In some embodiments of the aforementioned methodology, the operation that maps resources to work load units is initiated only at times where there is a change in the resource availability profile. If there is no change in resource availability, there is no need to reconsider the current allocation of resources against requests. When a change of resource availability occurs, either because a work unit acquired a quantity of resource, or because a work unit released a quantity of resource, a re-allocation exercise is warranted.

A change in resource availability initiated by a process running on a core of a computer system itself initiates the update of the global resource accounting and carries out a re-allocation operation of resources against resource availability using the updated global resource balance. This scheme is asynchronous across all of the cores of the processing system and is completely independent of other cores and other work units running on those cores. This scheme occurs on an as needed and just in time basis. As a result, the constraints of Amdahl's Law do not apply to the scheduling algorithm and the design is linearly scalable with the number of processing cores with no degradation due to the effects of serialization.

Computer-readable storage media refer to any medium or media that participate in providing instructions to a central processing unit (CPU), which may include a multi-core processor, for execution. Such media can take many forms, including, but not limited to, non-volatile and volatile media such as optical or magnetic disks and dynamic memory, respectively. Common forms of computer-readable media include, for example, a floppy disk, a flexible disk, a hard disk, magnetic tape, any other magnetic medium, a CD-ROM disk, digital video disk (DVD), any other optical medium, RAM, PROM, EPROM, a FLASHEPROM, any other memory chip or cartridge. The various methodologies discussed herein may be implemented as software and stored in any one of the aforementioned media for subsequent execution by a processor, including a multi-core processor.

Various forms of transmission media may be involved in carrying one or more sequences of one or more instructions to a CPU for execution. A bus carries the data to system RAM, from which a CPU retrieves and executes the instructions. The instructions received by system RAM can optionally be stored on a fixed disk either before or after execution by a CPU. Various forms of storage may likewise be implemented as well as the necessary network interfaces and network topologies to implement the same.

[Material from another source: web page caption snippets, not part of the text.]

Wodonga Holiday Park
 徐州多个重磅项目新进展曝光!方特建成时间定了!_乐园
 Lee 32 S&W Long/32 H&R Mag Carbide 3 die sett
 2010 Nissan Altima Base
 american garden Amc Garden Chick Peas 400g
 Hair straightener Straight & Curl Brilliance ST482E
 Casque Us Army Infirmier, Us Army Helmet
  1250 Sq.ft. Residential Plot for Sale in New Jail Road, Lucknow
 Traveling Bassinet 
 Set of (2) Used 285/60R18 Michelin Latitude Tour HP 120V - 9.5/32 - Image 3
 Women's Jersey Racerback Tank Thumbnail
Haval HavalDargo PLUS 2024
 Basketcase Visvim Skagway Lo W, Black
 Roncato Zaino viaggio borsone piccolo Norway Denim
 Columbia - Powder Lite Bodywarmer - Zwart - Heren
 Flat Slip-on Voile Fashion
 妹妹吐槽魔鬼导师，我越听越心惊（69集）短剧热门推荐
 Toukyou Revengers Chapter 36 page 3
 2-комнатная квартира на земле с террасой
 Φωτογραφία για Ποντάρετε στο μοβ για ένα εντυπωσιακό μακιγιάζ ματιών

While various embodiments have been described above, it should be understood that they have been presented by way of example only, and not limitation. The present descriptions are intended to cover such alternatives, modifications, and equivalents as may be included within the spirit and scope of the invention as defined by the appended claims and otherwise appreciated by one of ordinary skill in the art. The steps of various methods may be performed in varying orders while achieving common results thereof. Various elements of the disclosed system and apparatus may be combined or separated to achieve similar results. The scope of the invention should be determined not with reference to the above description, but instead should be determined with reference to the appended claims along with their full scope of equivalents.

Claims

1. A method for the management of work load units being processed on a computer system with a multi-core processor configuration, wherein the system is linearly scalable with the number of processor cores of the computer system with no loss of performance.

2. A method for the management of work load units being processed on a computer system with a multi-core processor configuration, wherein the system makes use of an asynchronous event based control mechanism for the management of the work load units executing on a computer system.